09/13/2011 12:38 EDT | Updated 11/13/2011 05:12 EST

How You Think About Money Is as Important as How Much You Have

The Adventures of the Sandwich Generation is for all those boomers who are squeezed between the demands of raising their kids and the responsibility of caring for their elderly parents -- all while managing their own issues in-between. It's a celebration of this exhilarating and sometimes heartbreaking ride and an attempt to provide insight, advice -- and as often as humanly possible, humour. Definitely humour. As actress Bette Davis once said, "Fasten your seat belts, it's going to be a bumpy night." But hey, if it wasn't a little bumpy there'd be no thrills at all, would there? Keep smiling and... buckle up

With apologies to Scarlett O'Hara: "As God is my witness, I will not be a bag lady in 30 years!"

That is my goal and the goal of many boomers who find themselves struggling with the costs of children at home or in university, a volatile economy wreaking havoc on their savings and investments, elderly parents who need costly care and a host of everyday demands and unexpected crises.

We all want to make sure we have enough money for the future but there are so many strains on the budget these days. The truth is there will always be something you didn't see coming. And like most everything in life, how you respond to a situation is usually more important than the situation itself -- no matter how dire it may seem.

That's why Scarlett O'Hara is such a good role model for boomers who feel like they're two toonies from oblivion on any given day.  She didn't let circumstances do her in and she had a very practical relationship with money and how it could work for her.

What's your relationship to money?

How you respond to the demands on your budget has everything to do with your relationship with money. Is it a tool that you control or have you no idea how to manage it? Do you follow a budget? Would you rather save what you can than take a risk and invest?

Think back to the home you grew up in. Did your father manage the finances leaving your mother in the dark? Did your father earn the money and give it to your mother to manage? Did your parents both contribute to the finances and jointly run things? Did they teach you the importance of saving and investing when you were young or did you learn what you know through trial and error?

Fortunately today's education system is finally realizing the value of teaching our kids about money management but for many boomers it was the luck of the draw. If your parents didn't teach you about money you were on your own -- and you may have developed problematic beliefs about it too.

Erroneous beliefs about money

How we think about money is as important as how much we have -- perhaps more important.
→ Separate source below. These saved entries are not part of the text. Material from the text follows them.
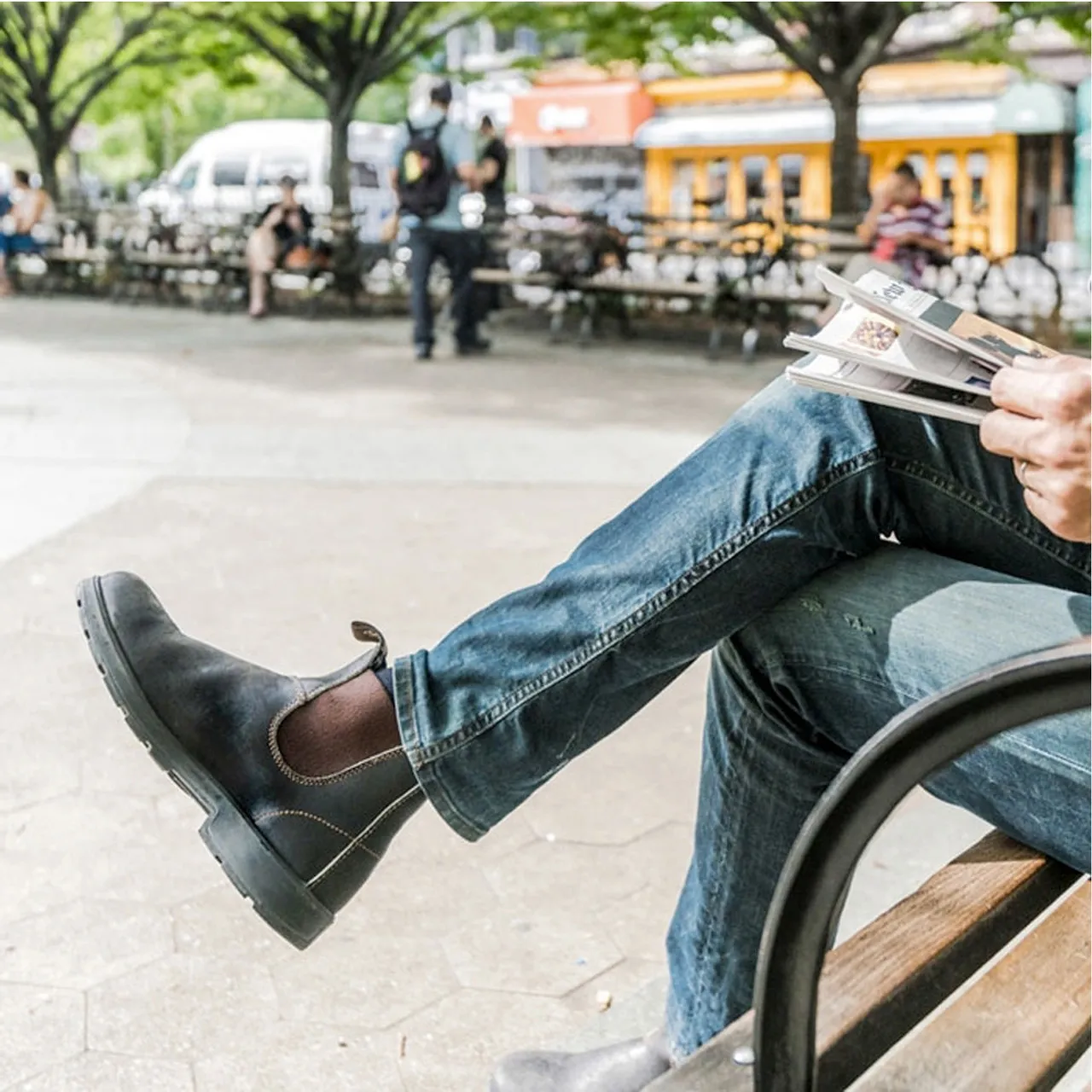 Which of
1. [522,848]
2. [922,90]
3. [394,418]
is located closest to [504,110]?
[922,90]

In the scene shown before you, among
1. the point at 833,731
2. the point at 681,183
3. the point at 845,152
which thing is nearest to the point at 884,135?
the point at 681,183

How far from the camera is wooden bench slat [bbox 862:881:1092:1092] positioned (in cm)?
137

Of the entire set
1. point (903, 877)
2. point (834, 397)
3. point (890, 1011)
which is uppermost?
point (834, 397)

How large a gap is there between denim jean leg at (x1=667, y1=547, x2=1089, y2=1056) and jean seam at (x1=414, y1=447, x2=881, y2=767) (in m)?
0.11

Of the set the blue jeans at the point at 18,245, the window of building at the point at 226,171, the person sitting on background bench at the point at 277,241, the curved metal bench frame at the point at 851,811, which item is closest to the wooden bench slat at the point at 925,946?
the curved metal bench frame at the point at 851,811

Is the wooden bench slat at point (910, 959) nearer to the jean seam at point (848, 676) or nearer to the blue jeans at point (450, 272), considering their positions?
the jean seam at point (848, 676)

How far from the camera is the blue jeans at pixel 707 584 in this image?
1656 millimetres

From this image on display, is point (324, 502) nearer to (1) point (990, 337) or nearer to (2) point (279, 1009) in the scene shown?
(2) point (279, 1009)

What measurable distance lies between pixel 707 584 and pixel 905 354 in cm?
31

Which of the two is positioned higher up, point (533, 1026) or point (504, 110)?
point (504, 110)

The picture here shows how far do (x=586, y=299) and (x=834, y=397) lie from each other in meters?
12.1

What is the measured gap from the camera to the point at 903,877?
10.1 feet

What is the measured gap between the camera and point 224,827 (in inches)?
72.8

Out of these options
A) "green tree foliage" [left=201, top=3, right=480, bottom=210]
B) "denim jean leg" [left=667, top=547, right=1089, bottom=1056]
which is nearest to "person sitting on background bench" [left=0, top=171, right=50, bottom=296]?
"green tree foliage" [left=201, top=3, right=480, bottom=210] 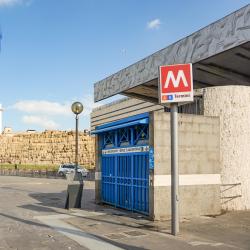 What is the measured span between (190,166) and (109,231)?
3.97 metres

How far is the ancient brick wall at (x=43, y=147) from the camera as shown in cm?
10481

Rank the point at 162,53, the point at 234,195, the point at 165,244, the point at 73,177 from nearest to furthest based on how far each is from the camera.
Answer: the point at 165,244 < the point at 162,53 < the point at 234,195 < the point at 73,177

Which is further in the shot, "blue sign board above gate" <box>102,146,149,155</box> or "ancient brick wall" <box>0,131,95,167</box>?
"ancient brick wall" <box>0,131,95,167</box>

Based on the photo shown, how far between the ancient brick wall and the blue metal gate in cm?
8433

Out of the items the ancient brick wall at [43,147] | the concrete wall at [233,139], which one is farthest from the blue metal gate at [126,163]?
the ancient brick wall at [43,147]

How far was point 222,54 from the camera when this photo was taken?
36.8 ft

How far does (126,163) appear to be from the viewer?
1591 cm

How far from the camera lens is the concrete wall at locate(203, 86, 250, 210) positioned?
15.8m

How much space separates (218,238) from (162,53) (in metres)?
6.08

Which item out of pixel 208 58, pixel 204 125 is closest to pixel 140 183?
pixel 204 125

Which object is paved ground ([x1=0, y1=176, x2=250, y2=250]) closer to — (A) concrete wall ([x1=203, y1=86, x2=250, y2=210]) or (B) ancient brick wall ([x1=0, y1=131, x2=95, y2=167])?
(A) concrete wall ([x1=203, y1=86, x2=250, y2=210])

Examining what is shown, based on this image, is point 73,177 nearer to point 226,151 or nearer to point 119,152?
point 119,152

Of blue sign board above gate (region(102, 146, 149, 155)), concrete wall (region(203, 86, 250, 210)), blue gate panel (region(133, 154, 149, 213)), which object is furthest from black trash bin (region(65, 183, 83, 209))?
concrete wall (region(203, 86, 250, 210))

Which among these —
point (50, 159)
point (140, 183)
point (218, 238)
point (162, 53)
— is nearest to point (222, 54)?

Do you think you deserve to be financially stable? Do you think people put too much emphasis on money? Is it better to be poor and happy than rich and unhappy? Are you optimistic that things will work out somehow?  What beliefs have you developed about money and are they sound?

Often it's how you think about money that is keeping you from having enough to live on comfortably. Those beliefs about money can also influence whether or not the money you have, grows. In fact, having money that grows for you - residual income that comes in whether you're working or not -- is very important. It can be the key to whether you are struggling or whether you are prospering.

Bad habits can be unlearned

The good news is that bad beliefs and habits can be unlearned. With knowledge, discipline and fortitude, we can always change course and move forward.

For example, many women would rather save their money in vehicles like GICs than risk investing it in mutual funds. But the key is to save as well as invest and to build a diversified portfolio.  If your income is low it may make sense to take out an RRSP loan and use the tax refund to help repay it so that you are still increasing your RRSP. Maybe you should take out a line of credit and invest some of the money for the future. There are many creative options that your bank manager or certified financial planner (CFP) can suggest. You can also attend money management workshops in your local area.

It is often the way we think about money that keeps money away from us, not the reality that we don't earn a lot or the fact that circumstances beyond our control have put us in debt.

Whenever you're feeling overwhelmed by the demands on your bank account, take a moment and think about your relationship toward money. There is a very definite correlation between how financially prosperous you are and how you think.